**WORK TASK:** Using the listing below, give again exactly the lines from the line with "Close-up of blue" to the line with "Siyah arka planda yemek için renkli kaseler.", inclusive, without the pictures.

**DATA FOR THIS EXERCISE:**
════════════════

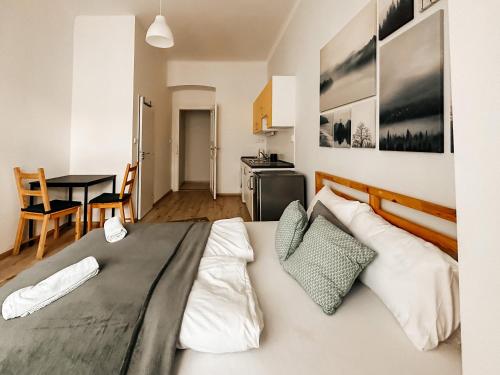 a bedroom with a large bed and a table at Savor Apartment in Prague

════════════════

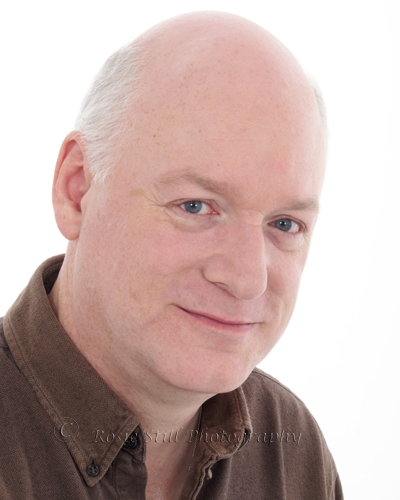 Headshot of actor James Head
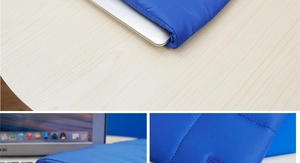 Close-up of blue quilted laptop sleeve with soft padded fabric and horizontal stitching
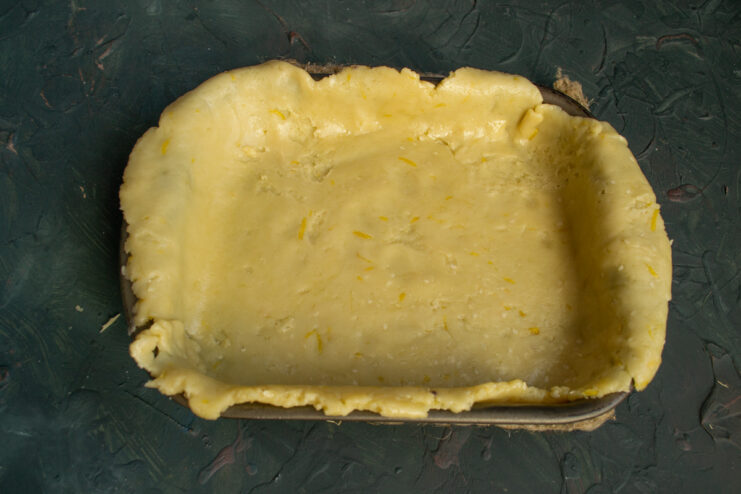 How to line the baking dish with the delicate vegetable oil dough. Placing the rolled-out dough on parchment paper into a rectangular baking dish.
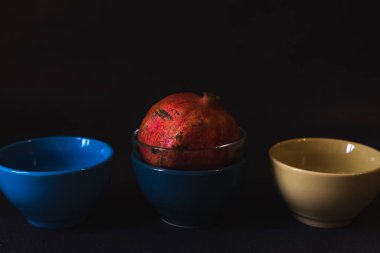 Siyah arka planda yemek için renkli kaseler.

════════════════

**TASK ANSWER:**
 Close-up of blue quilted laptop sleeve with soft padded fabric and horizontal stitching
 How to line the baking dish with the delicate vegetable oil dough. Placing the rolled-out dough on parchment paper into a rectangular baking dish.
 Siyah arka planda yemek için renkli kaseler.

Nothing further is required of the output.